PROMPT: From the first line to the last, repeat the data exactly and drop the pictures.

======== DATA EXTRACT

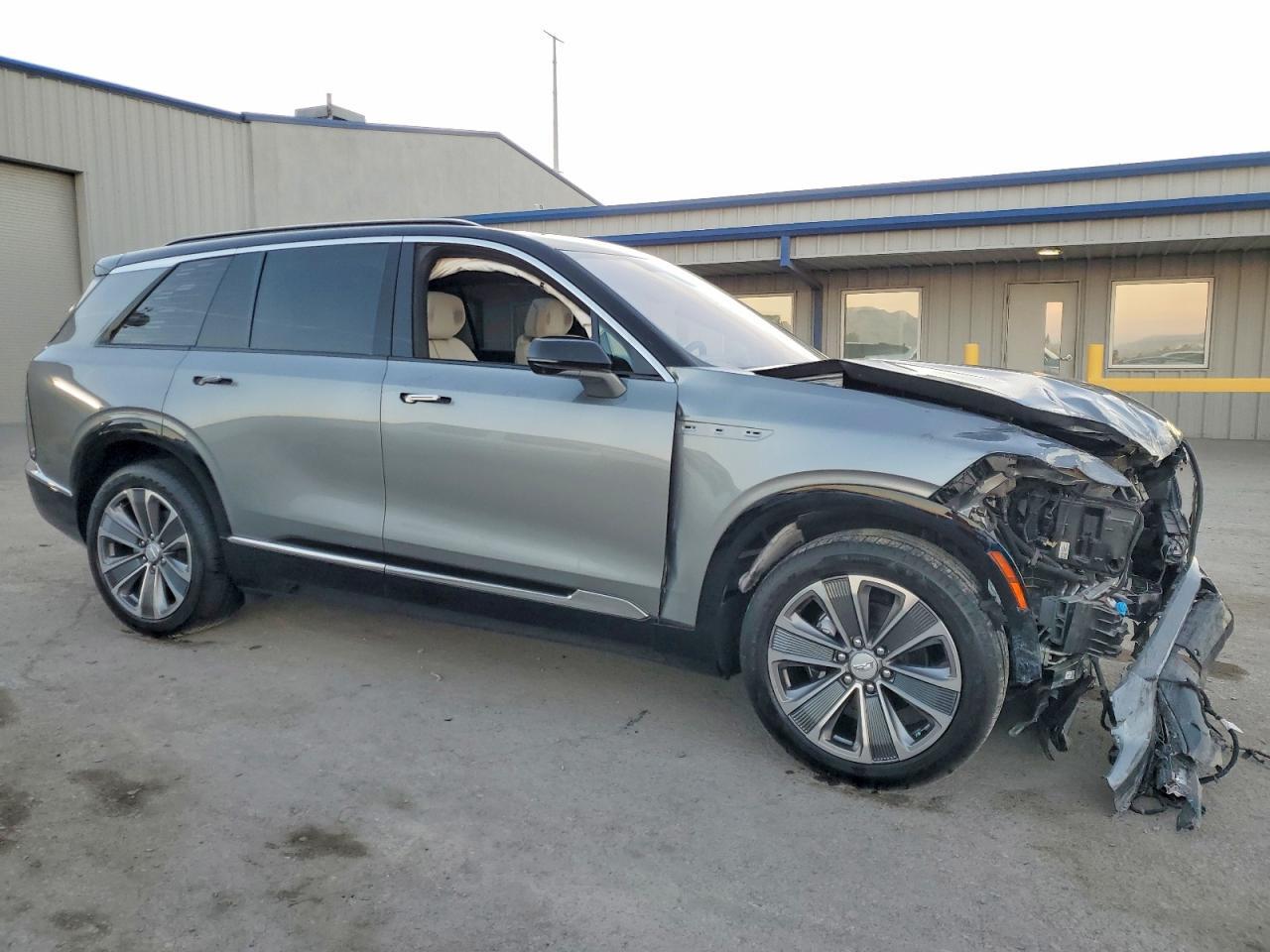 2026 Cadillac Vistiq Luxury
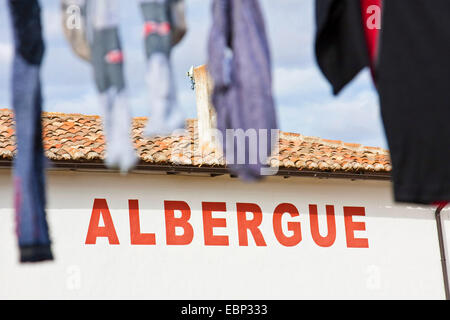 Jakobsweg, Linie vor Pilgern Herberge, Spanien, Kastilien und Leon, Palencia, Ledigos Stockfoto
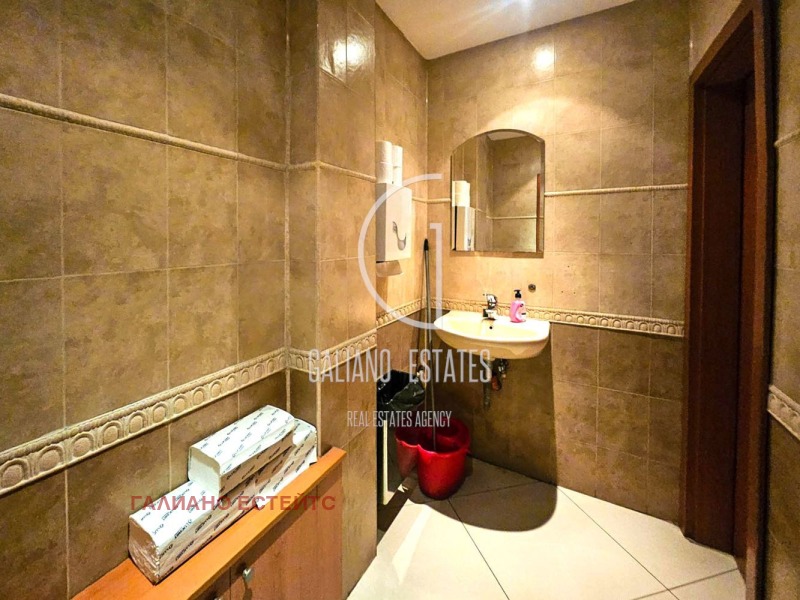 De inchiriat  Birou Sofia , Țentâr , 450 mp | 94348084 - imagine [13]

================

ANSWER TO THIS TASK:
 2026 Cadillac Vistiq Luxury
 Jakobsweg, Linie vor Pilgern Herberge, Spanien, Kastilien und Leon, Palencia, Ledigos Stockfoto
 De inchiriat  Birou Sofia , Țentâr , 450 mp | 94348084 - imagine [13]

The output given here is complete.